Families living in flood-affected areas have “no choice but to drink and use potentially contaminated water,” says UNICEF.
About six months after the catastrophic floods in Pakistan, more than 10 million people still lack access to safe drinking water in areas hit by the record-breaking rainfall, according to a United Nations report.
Families living in flood-stricken areas have “no choice but to drink and use potentially disease-ridden water,” the UN Children’s Agency, or UNICEF, said in the report on Tuesday.
“Every day, millions of girls and boys in Pakistan fight a losing battle against water-preventable diseases and resulting malnutrition,” said Abdullah Fadil, UNICEF’s representative in Pakistan.
The worst flooding in Pakistan started in June due to heavy rainfall. They killed at least 1,739 people, including 647 children, and affected 33 million people.
At the peak of the flooding – caused by a “monsoon on steroids”, as described by UN chief Antonio Guterres – more than a third of the country was inundated.
According to UNICEF’s report, a majority of the country’s population did not have access to clean drinking water even before the floods. The disaster subsequently caused damage to most of the water systems in the affected areas and forced more than 5.4 million people, including 2.5 million children, to “rely solely on polluted water from ponds and wells”.
“Only 36 percent of the country’s water was considered safe for consumption, despite the country’s drinking water supply system covering 92 percent of the population,” the report said.
Six months after floods hit Pakistan, 9.6 million children are still in need of lifesaving assistance. We need the continued support of our donors to provide safe drinking water, build toilets and provide essential sanitation to these children and families who need them most. pic.twitter.com/Yfi90CxYgO
— UNICEF Pakistan (@UNICEF_Pakistan) March 21, 2023
The report highlighted the plight of families living close to standing water formed after the floods, making them vulnerable to waterborne diseases such as cholera, diarrhoea, dengue and malaria. These diseases prevent children from getting the vital nutrients they need and plunge them into a “vicious cycle of malnutrition and infection”.

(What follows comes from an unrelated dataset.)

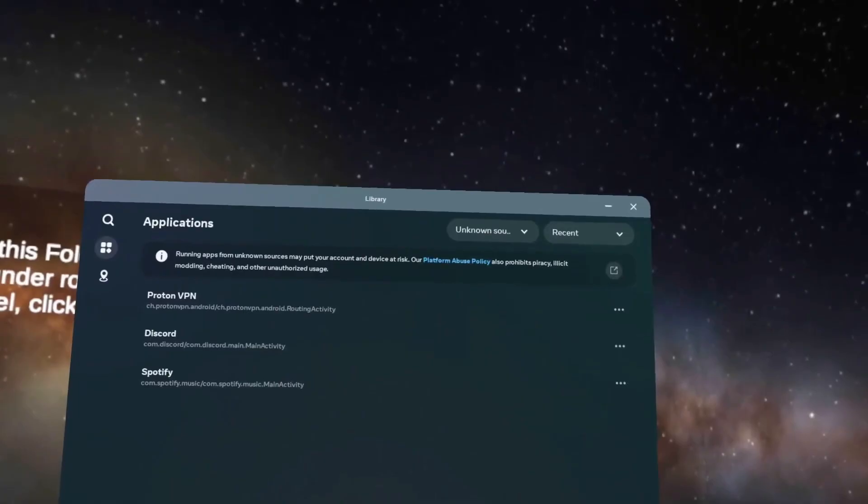Once you've got everything installed, you can explore other apps too. For example, I have Discord, got it for free, Spotify for music and I always use a VPN.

UNICEF said malnutrition is associated with half of all child deaths in Pakistan. More than 1.5 million boys and girls are already severely malnourished, and that number is expected to rise without clean water and proper sanitation.
“Open defecation has increased by more than 14 percent in flood-affected regions,” the report said. “The lack of proper toilets disproportionately affects children, teenage girls and women who are at extra risk of embarrassment and harm if they defecate outdoors.”

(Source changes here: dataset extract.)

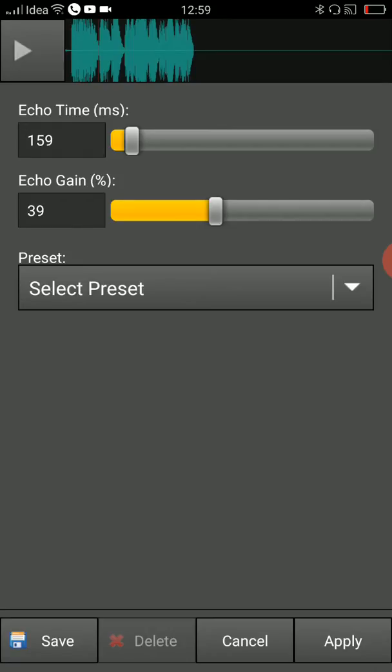Once you fix all these values over here—this echo time and echo gain—then you click on apply which is there on the right bottom corner. That's it, apply, yes apply.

The agency said less than half of its $173 million appeal for aid has been granted so far.
Pakistan suffered financial losses of at least $30 billion as a result of the floods. In January, the country secured more than $10 billion in pledges from the international community to rebuild itself.
But it is also in the midst of economic turmoil as it waits for $1.1 billion from the International Monetary Fund.
“We need the continued support of our donors to provide safe water, build toilets and provide essential sanitation to these children and families who need them most,” said Fadil.